Con l’ordinanza n. 23702 depositata il 3 agosto 2023 gli Ermellini tornano ad occuparsi del dibattuto tema del licenziamento per ritorsione o licenziamento ritorsivo.

Destinatario del contestato provvedimento espulsivo è un dirigente di banca licenziato a seguito di una supposta riorganizzazione aziendale.

Ma andiamo con ordine partendo dalla vicenda giudiziaria.

Licenziamento del dirigente: ritorsivo o economico?

Un dirigente bancario porta in giudizio la datrice di lavoro che gli aveva comunicato il licenziamento per motivi economici.

La sentenza di primo grado dà ragione al lavoratore, dichiarando la nullità del licenziamento ritenuto ritorsivo sulla scorta di una serie di elementi indiziari e condannando la banca alla reintegrazione del dirigente nel posto di lavoro e al pagamento delle retribuzioni globali di fatto dalla data del recesso fino a quella della effettiva riammissione in servizio, oltre al versamento dei contributi previdenziali, accessori e spese.

La sentenza è stata successivamente confermata in appello. La Corte territoriale ha infatti ritenuto non compiutamente provate la “profonda riorganizzazione” posta dalla società a fondamento del recesso nonché “le mutate esigenze che hanno imposto in un breve lasso di tempo la soppressione della posizione direction e il collocamento dell’area direction in altra direzione aziendale”.

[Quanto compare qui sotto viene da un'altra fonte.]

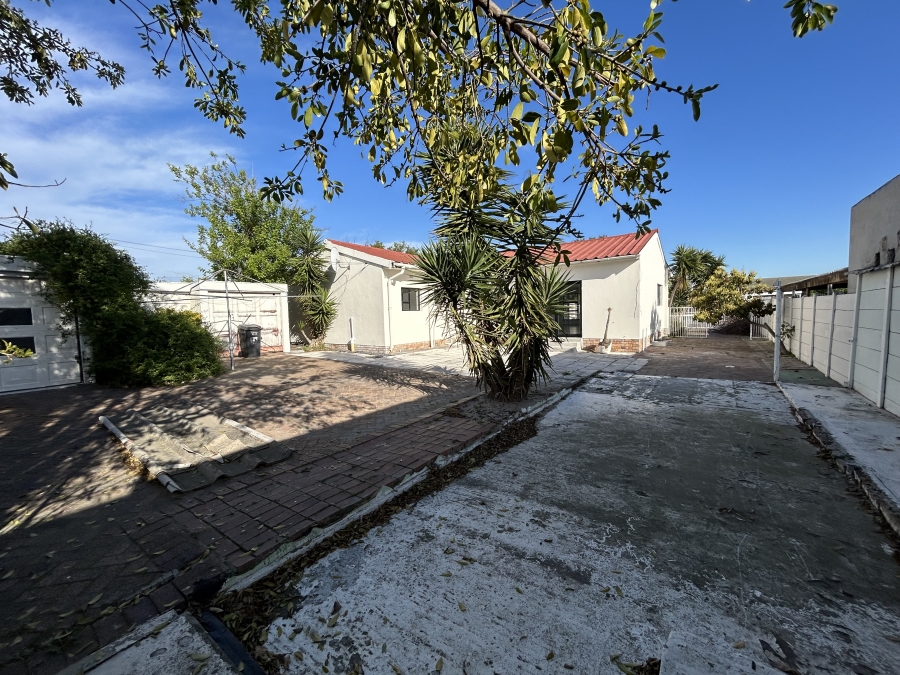 To Let 4 Bedroom Property for Rent in Bothasig Western Cape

Mancava poi la prova delle ragioni che avevano indotto la società a licenziarlo in luogo di un altro dirigente proposto alla direzione.

Inoltre, era risultata smentita la circostanza, indicata nella lettera di licenziamento, che non vi fossero altre posizioni aziendali coerenti con il profilo del dirigente licenziato e era infine emerso che quest’ultimo aveva assunto, nei mesi immediatamente precedenti alla data del licenziamento, iniziative in contrasto con gli interessi e la volontà dell’amministratore della società.

A suggello della natura ritorsiva del recesso, la Corte territoriale aveva addotto anche il mancato rilascio, al dirigente, da parte della Banca, della attestazione di good leaver.

Avverso la sentenza di secondo grado la società datrice di lavoro propone ricorso per cassazione contestando il mancato esame delle argomentazioni, delle prove e delle testimonianze emerse nel giudizio di merito. 

La dichiarata ritorsività del licenziamento, afferma la datrice di lavoro, si fonderebbe “su mere presunzioni, che non sono certamente gravi, precise e concordanti” e “circostanze che non corrispondono alla realtà (e che sono contraddette sia documentalmente che dai testimoni)”, negando peraltro l’oggettiva riorganizzazione e soppressione della posizione del dirigente espulso.

Nullità del licenziamento e onere probatorio

La Corte di Cassazione, sezione lavoro, con l’ordinanza n. 23702 depositata il 3 agosto 2023, ritiene tali motivi di ricorso inammissibili sulla scorta dei seguenti rilievi:

1) è principio di diritto affermato dalla Cassazione (il richiamo specifico è alle più recenti sentenze Cass. n. 6838 del 2023; Cass. n. 26399 del 2022; Cass. n. 26395 del 2022; Cass. n. 21465 del 2022) che”, per accogliere la domanda di accertamento della nullità del licenziamento in quanto fondato su motivo illecito, occorre che l'intento ritorsivo datoriale abbia avuto efficacia determinativa esclusiva della volontà di recedere dal rapporto di lavoro, anche rispetto ad altri fatti rilevanti ai fini della configurazione di una giusta causa o di un giustificato motivo di recesso (Cass. n. 14816 del 2005; Cass. n. 3986 del 2015; Cass. n. 9468 del 2019), dovendosi escludere la necessità di procedere ad un giudizio di comparazione fra le diverse ragioni causative del recesso, ossia quelle riconducibili ad una ritorsione e quelle connesse, oggettivamente, ad altri fattori idonei a giustificare il licenziamento (Cass. n. 5555 del 2011)”;

2) l’onere della prova ricade sul lavoratore (art. 2697 c.c., non operando l’art. 5 l. n. 604 del 1966) e lo stesso può essere assolto anche mediante presunzioni (Cass. n. 20742 del 2018; Cass. n. 18283 del 2010). Il giudice di merito può “valorizzare a tal fine tutto il complesso degli elementi acquisiti al giudizio, compresi quelli già considerati per escludere il giustificato motivo di recesso, nel caso in cui questi elementi, da soli o nel concorso con altri, nella loro valutazione unitaria e globale consentano di ritenere raggiunta, anche in via presuntiva, la prova del carattere ritorsivo del recesso (Cass. n. n. 23583 del 2019)”;

3) a fronte dell’allegazione, da parte del lavoratore, del carattere ritorsivo del licenziamento intimatogli, il datore di lavoro può provare (art. 5, l. n. 604 del 1966), l'esistenza della giusta causa o del giustificato motivo del recesso. Se la prova è almeno apparentemente fornita, il lavoratore ha l'onere di dimostrare l'intento ritorsivo e, dunque, l'illiceità del motivo unico e determinante del recesso (Cass. n. 6501 del 2013; Cass. n. 27325 del 2017; Cass. n. 26035 del 2018).

La ricostruzione dei fatti e il ragionamento indiziario svolto dai giudici del merito che hanno indotto a ritenere la natura ritorsiva del recesso è frutto di un accertamento di fatto, non suscettibile di riesame in sede di legittimità.